→ **What you have to do**: Return only what runs from the line containing "Black Glasses thumbnail" through the last line of the entries below, exactly, omitting pictures.
-- Records for this exercise follows --
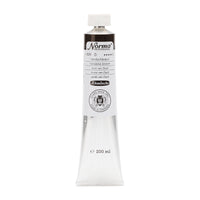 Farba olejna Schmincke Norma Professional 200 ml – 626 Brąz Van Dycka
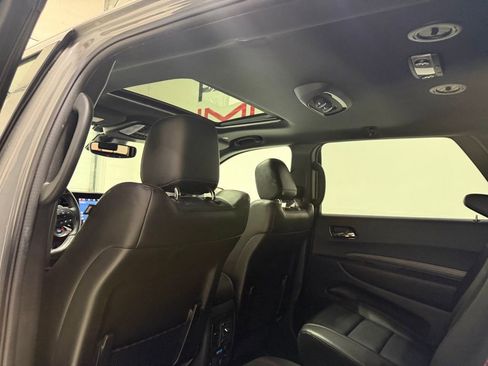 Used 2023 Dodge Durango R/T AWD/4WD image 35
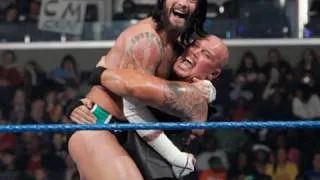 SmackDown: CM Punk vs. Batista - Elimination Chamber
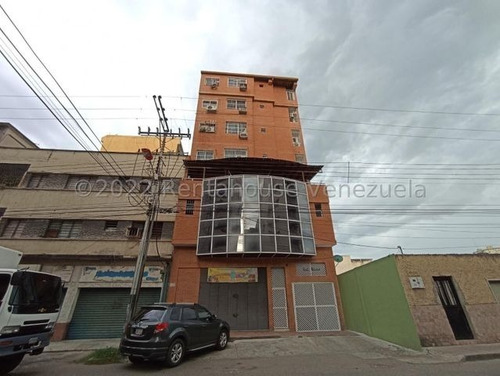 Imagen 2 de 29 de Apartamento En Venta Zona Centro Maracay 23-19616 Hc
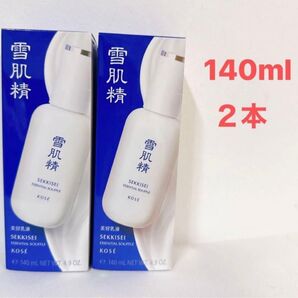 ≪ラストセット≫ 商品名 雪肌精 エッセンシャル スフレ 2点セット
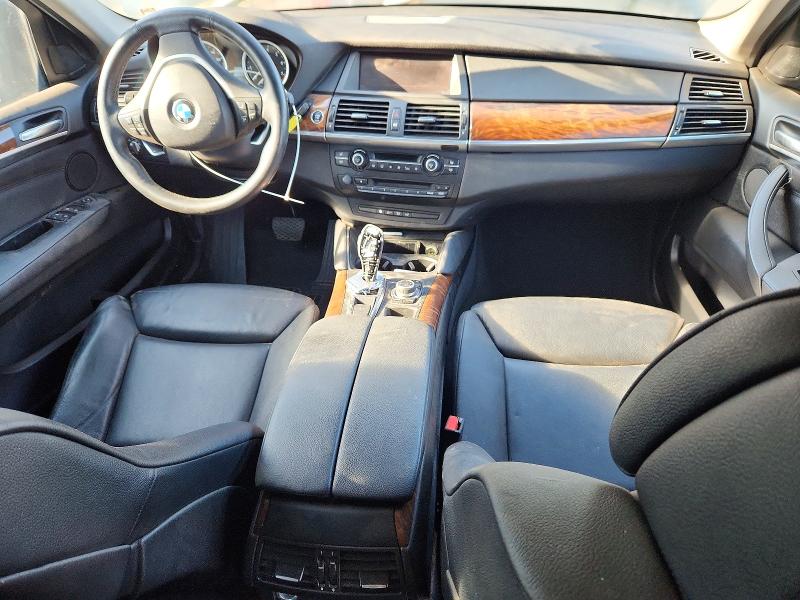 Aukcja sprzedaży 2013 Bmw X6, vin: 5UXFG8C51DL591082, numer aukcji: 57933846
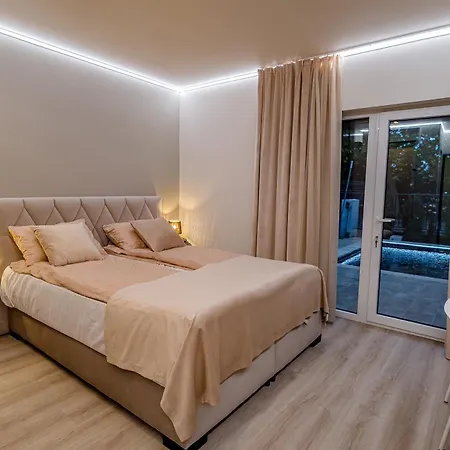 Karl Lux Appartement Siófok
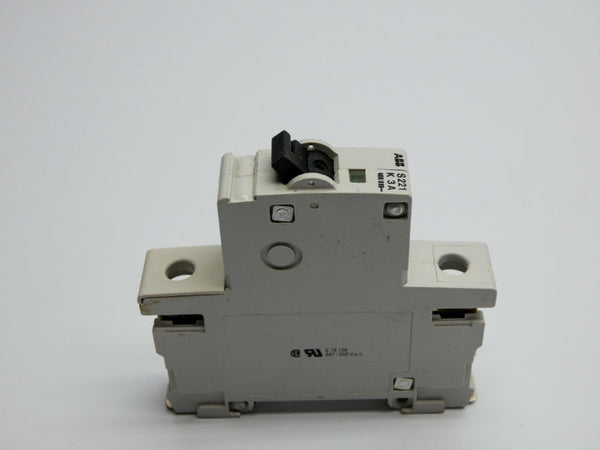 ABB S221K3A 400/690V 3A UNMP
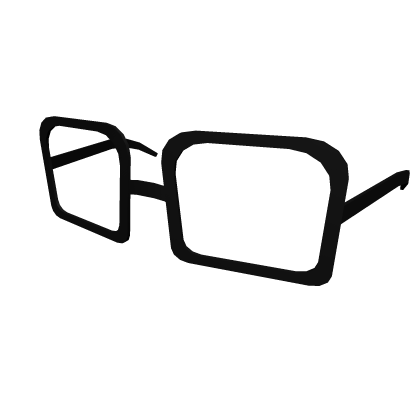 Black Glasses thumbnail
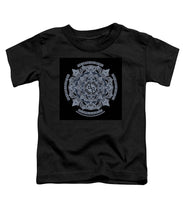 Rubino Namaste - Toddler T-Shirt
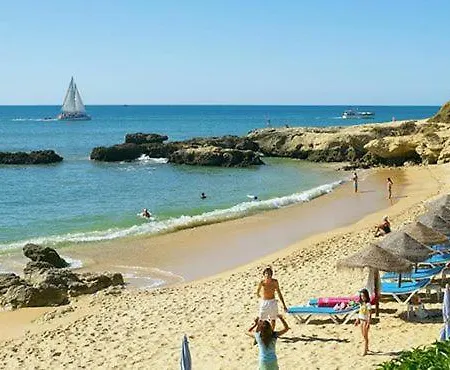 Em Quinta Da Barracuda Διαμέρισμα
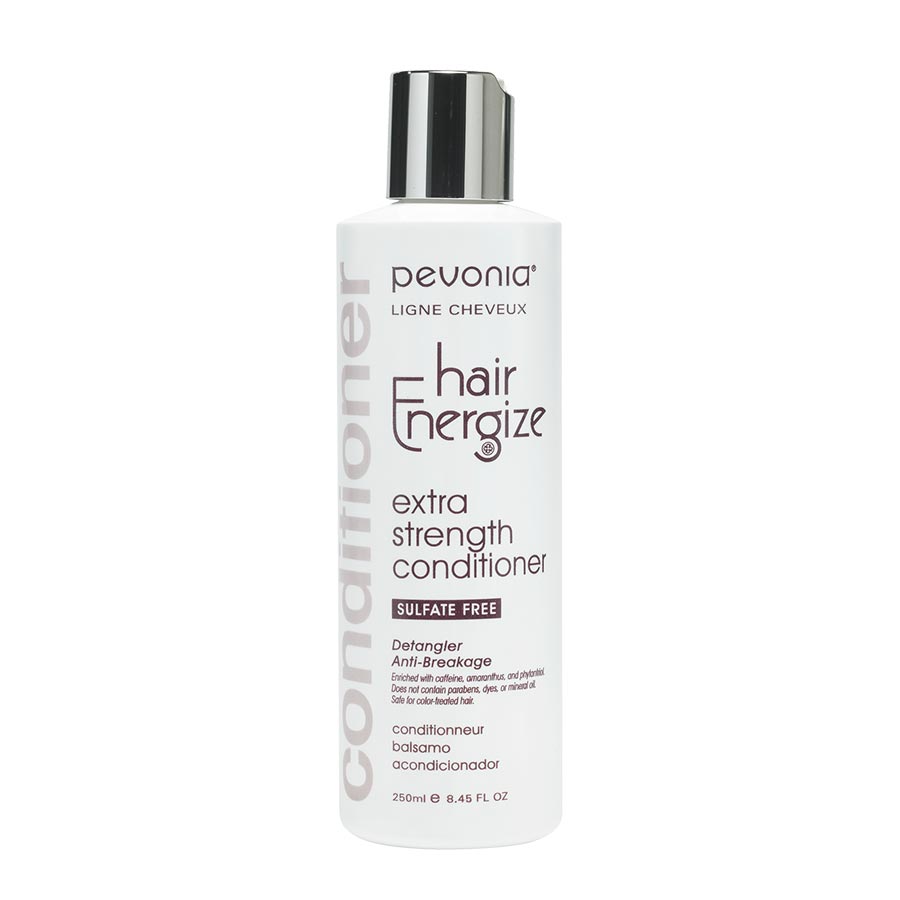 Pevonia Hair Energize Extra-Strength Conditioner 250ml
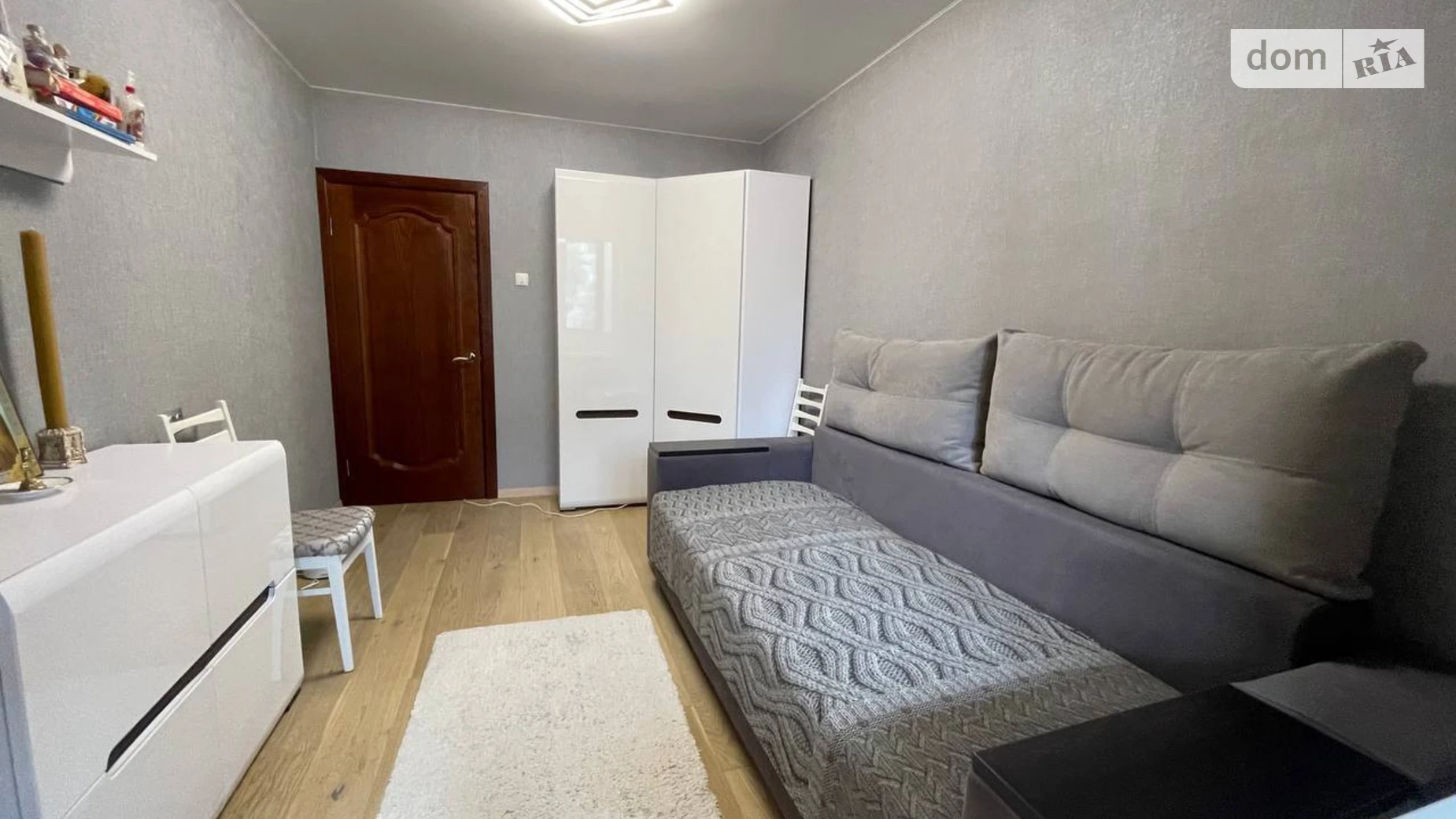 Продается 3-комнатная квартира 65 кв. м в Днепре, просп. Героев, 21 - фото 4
-- Records for this exercise concluded --
→ **Answer**:
 Black Glasses thumbnail
 Rubino Namaste - Toddler T-Shirt
 Em Quinta Da Barracuda Διαμέρισμα
 Pevonia Hair Energize Extra-Strength Conditioner 250ml
 Продается 3-комнатная квартира 65 кв. м в Днепре, просп. Героев, 21 - фото 4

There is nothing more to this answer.